There will be an unspecified number of job cuts or transfers through the consolidation of overlapping corporate and administrative functions, Delta said. The two airlines employ more than 80,000 people combined. The company expects no involuntary furloughs of front-line employees and said the existing pension plans for both companies' employees will be protected.
Delta doesn't plan to close any of the two airlines' hubs.
Delta also said that it has agreed with its pilot leadership to extend its existing collective bargaining agreement through the end of 2012. The agreement, which is subject to pilot ratification, will allow the combined company to realize the revenue synergies of the transaction, Delta said. It also provides the Delta pilots a 3.5 percent equity stake in the new company and other enhancements to their current contract.
The agreement does not cover Northwest pilots.
Delta said it will use its best efforts to reach a combined Delta-Northwest pilot agreement, including resolution of pilot seniority integration, prior to the closing of the merger.
U.S.-based non-pilot employees of both companies will get a 4 percent equity stake in the new airline when the deal closes, Delta said.
Northwest pilots and the union representing most of Northwest's ground workers immediately announced they would fight the combination.
Dave Stevens, chairman of the Northwest branch of the Air Line Pilots Association, said in a prepared statement, "The risk to Northwest Airlines and to the Northwest pilot group from letting this merger proceed, as it is now structured, is simply too great."
Northwest didn't consult with the union that represents its baggage handlers, ramp workers and ticket agents, said Joseph Tiberi, a spokesman for the International Association of Machinists and Aerospace Workers.
"If the airline wanted the support of their employees they should have brought us in and discussed it with us earlier," he said.
Lee Moak, head of Delta's pilots union, said Delta hopes cooler heads will prevail.
"It takes two to fight," Moak told The Associated Press. "We don't see a fight here. We see a cooperative relationship with the Northwest pilots to bring everybody to parity as soon as possible."
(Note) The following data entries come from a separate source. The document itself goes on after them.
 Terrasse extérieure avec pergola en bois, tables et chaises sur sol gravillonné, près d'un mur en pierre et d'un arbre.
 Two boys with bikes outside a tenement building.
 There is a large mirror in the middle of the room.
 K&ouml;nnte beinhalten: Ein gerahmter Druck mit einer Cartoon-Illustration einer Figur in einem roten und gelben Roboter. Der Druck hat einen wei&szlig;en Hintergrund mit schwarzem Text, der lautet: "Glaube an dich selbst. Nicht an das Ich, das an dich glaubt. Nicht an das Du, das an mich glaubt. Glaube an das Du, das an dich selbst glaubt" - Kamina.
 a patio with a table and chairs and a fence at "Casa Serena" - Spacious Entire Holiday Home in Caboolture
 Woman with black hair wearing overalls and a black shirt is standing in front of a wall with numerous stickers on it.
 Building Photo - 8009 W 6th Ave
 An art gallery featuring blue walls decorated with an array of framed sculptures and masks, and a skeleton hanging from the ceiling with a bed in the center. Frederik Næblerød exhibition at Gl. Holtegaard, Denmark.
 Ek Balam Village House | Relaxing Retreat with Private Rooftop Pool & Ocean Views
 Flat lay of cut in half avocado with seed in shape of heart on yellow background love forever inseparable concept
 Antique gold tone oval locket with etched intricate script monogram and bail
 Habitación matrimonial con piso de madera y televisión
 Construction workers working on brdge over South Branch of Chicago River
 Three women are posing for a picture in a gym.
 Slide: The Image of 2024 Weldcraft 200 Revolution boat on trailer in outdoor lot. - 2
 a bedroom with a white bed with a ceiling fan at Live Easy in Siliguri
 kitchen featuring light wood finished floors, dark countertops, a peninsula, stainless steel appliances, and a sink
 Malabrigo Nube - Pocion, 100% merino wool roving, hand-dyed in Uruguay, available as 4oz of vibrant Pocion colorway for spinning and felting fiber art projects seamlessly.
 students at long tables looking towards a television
The two pilots unions were unable to agree on integrating seniority lists before the combination was announced. A joint contract they had reached was never consummated.
The announcement comes a year after the two carriers emerged from Chapter 11 bankruptcy protection. Both carriers are losing money again but are in much better shape than the four much-smaller airlines that have filed for bankruptcy or gone out of business in recent weeks.
The deal will need antitrust approval, and integrating the work forces of fully unionized Northwest and Delta, where pilots are currently the only major unionized work group, will be tricky.
The joining of Atlanta-based Delta and Eagan, Minn.-based Northwest, if approved by regulators and shareholders of both companies, will result in combined annual revenue of $31.7 billion, vaulting it ahead of Fort Worth, Texas-based AMR Corp.'s American Airlines for the top spot in the U.S.
It would be the biggest carrier in the world in terms of traffic, before any further domestic capacity cuts and any divestitures that might be required by antitrust regulators.
The agreement comes after several months of merger discussions between Delta and Northwest and at one time between Delta and Chicago-based UAL Corp.'s United Airlines. Analysts believe a Delta-Northwest combination will stand up better to regulatory scrutiny because the two carriers have less overlap, even though a Delta-United combination could create more scale and have greater synergies.
Years of mounting losses forced Delta and Northwest to file for bankruptcy protection in New York on Sept. 14, 2005. Both emerged from bankruptcy as leaner carriers last spring, after shedding billions in costs during their reorganizations.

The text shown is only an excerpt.